Assignment: Reproduce the records that follow without alteration, apart from removing the pictures.

━━━ Data

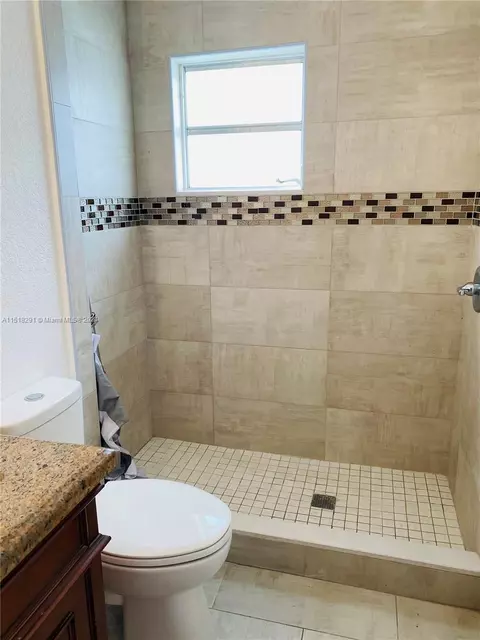 854 E 32nd St, Hialeah, FL 33013 photo 13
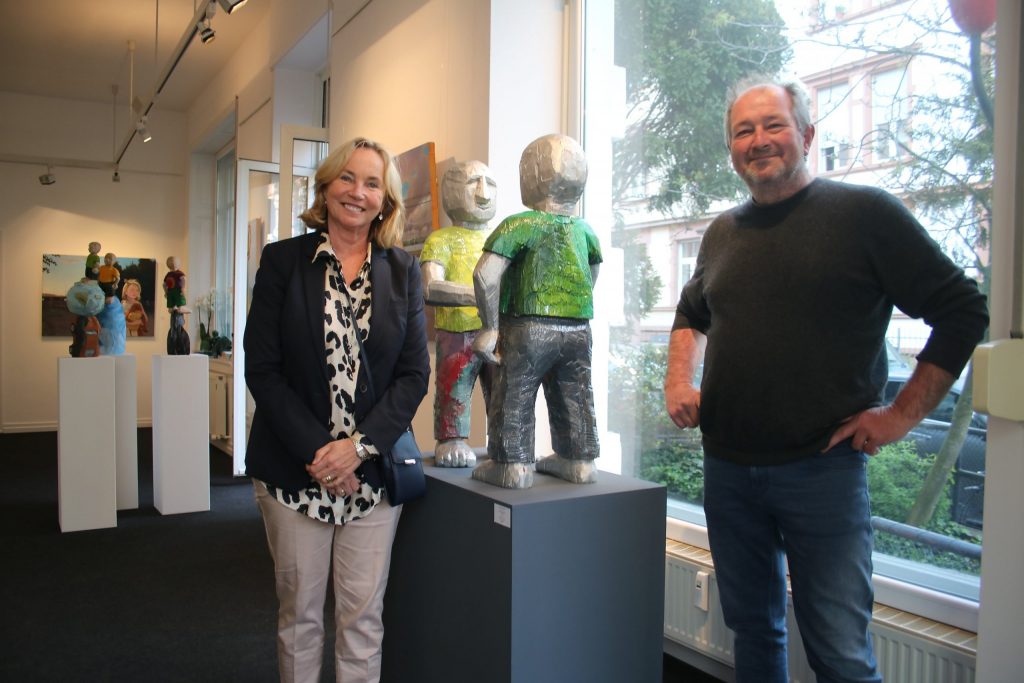 Galeristin Barbara von Stechow und Bildhauer Daniel Wagenblast vor der Gruppe „Guten Tag“ Foto: Edda Rössler
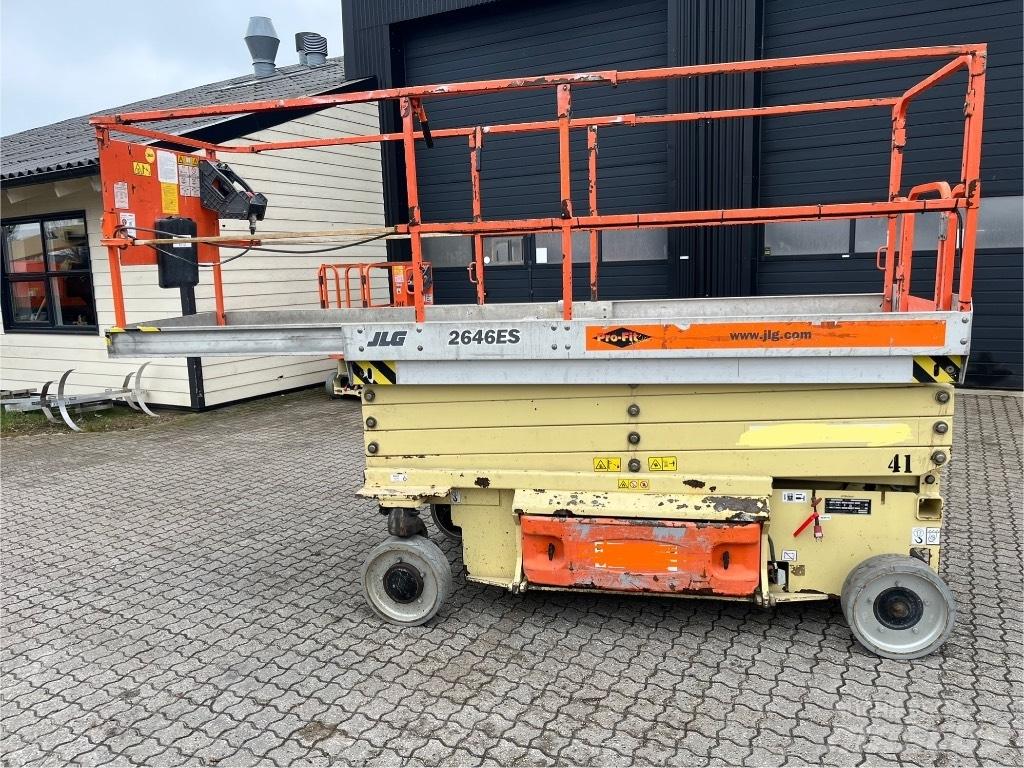 JLG 2646 ES Žirkliniai keltuvai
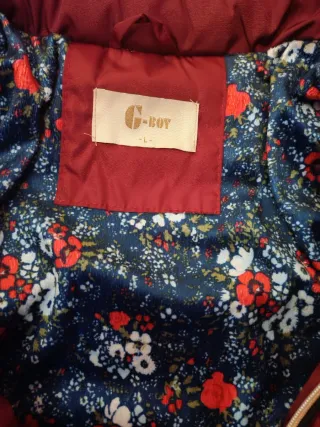 Chaqueta acolchada granate ajustada mujer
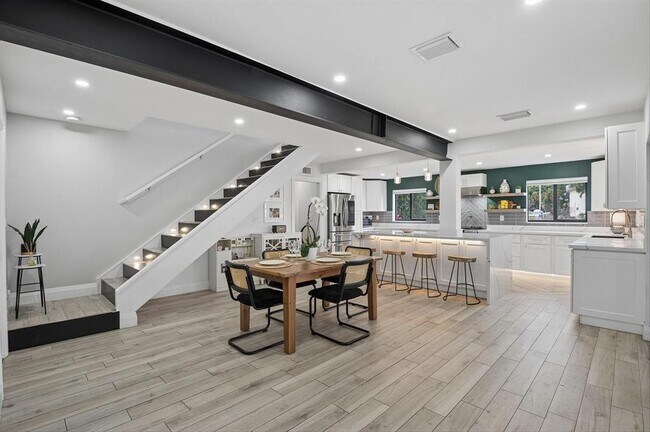 Foto del edificio - 600 SW 8th Ter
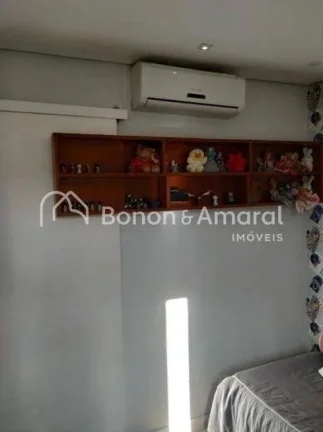 Imagem Casa com 3 quartos, sendo um suíte, com armários e ar condicionado, sala living três ambientes, c...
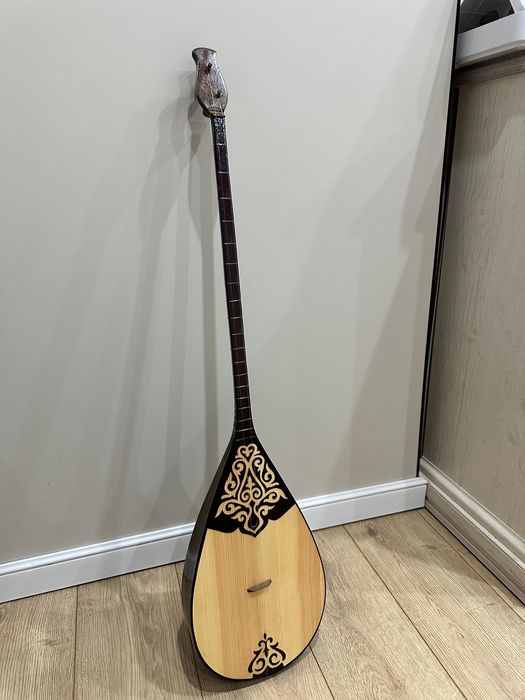 Гитара мен домбыра сатылады!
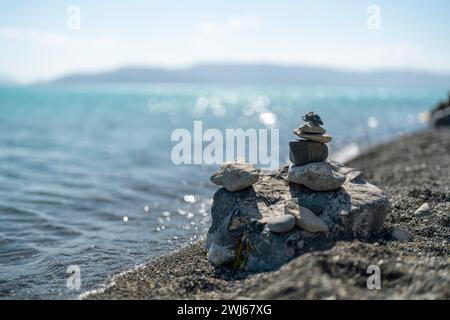 Schöner Sewan-See inmitten der malerischen Berge des sonnigen Armeniens Stockfoto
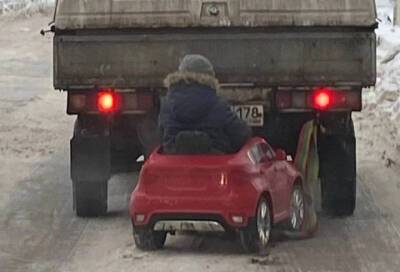 Питер Онлайн - В Кузьмолово ребенка посадили в игрушечную машину следом за грузовиком - online47.ru - Санкт-Петербург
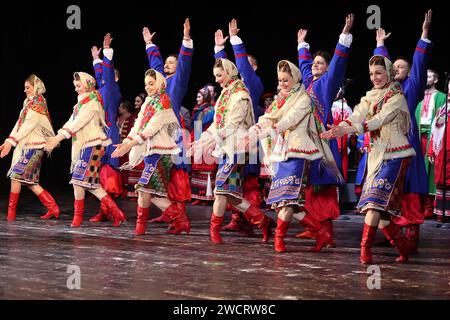 IVANO-FRANKIVSK, UKRAINE - 15 JANVIER 2024 - des membres du Chœur folklorique académique ukrainien d'Ukraine Hryhorii Veriovka honorés au cours d'un concert en soutien aux forces armées ukrainiennes au Théâtre dramatique académique national Ivan Franko à Ivano-Frankivsk, dans l'ouest de l'Ukraine. Banque D'Images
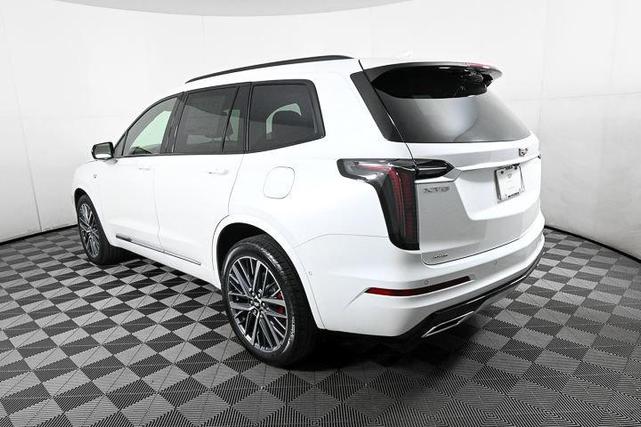 Photo of 2025 White Cadillac XT6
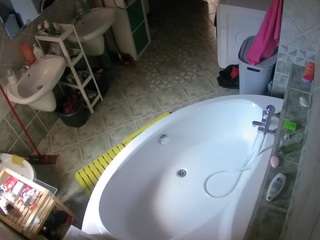 voyeurcam-julmodels-bath-1st-1 webcam model stream image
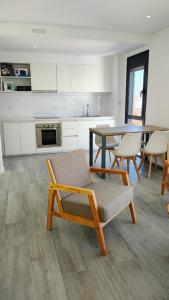 a kitchen with a table and a chair and a table at LEVEL GREEN - Nueva Propuesta 2025 de Level a estrenar y con la calidad de siempre in Bahía Blanca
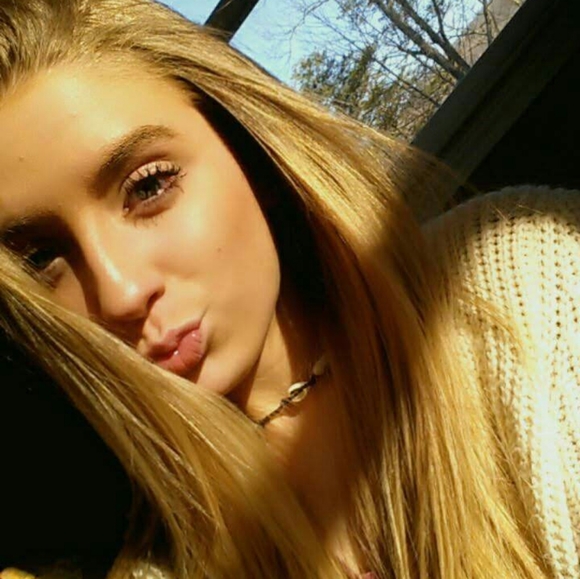 Meet your Posher, Kaylen - Picture 2 of 5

━━━━━━

Exercise response:
 854 E 32nd St, Hialeah, FL 33013 photo 13
 Galeristin Barbara von Stechow und Bildhauer Daniel Wagenblast vor der Gruppe „Guten Tag“ Foto: Edda Rössler
 JLG 2646 ES Žirkliniai keltuvai
 Chaqueta acolchada granate ajustada mujer
 Foto del edificio - 600 SW 8th Ter
 Imagem Casa com 3 quartos, sendo um suíte, com armários e ar condicionado, sala living três ambientes, c...
 Гитара мен домбыра сатылады!
 Schöner Sewan-See inmitten der malerischen Berge des sonnigen Armeniens Stockfoto
 Питер Онлайн - В Кузьмолово ребенка посадили в игрушечную машину следом за грузовиком - online47.ru - Санкт-Петербург
 IVANO-FRANKIVSK, UKRAINE - 15 JANVIER 2024 - des membres du Chœur folklorique académique ukrainien d'Ukraine Hryhorii Veriovka honorés au cours d'un concert en soutien aux forces armées ukrainiennes au Théâtre dramatique académique national Ivan Franko à Ivano-Frankivsk, dans l'ouest de l'Ukraine. Banque D'Images
 Photo of 2025 White Cadillac XT6
 voyeurcam-julmodels-bath-1st-1 webcam model stream image
 a kitchen with a table and a chair and a table at LEVEL GREEN - Nueva Propuesta 2025 de Level a estrenar y con la calidad de siempre in Bahía Blanca
 Meet your Posher, Kaylen - Picture 2 of 5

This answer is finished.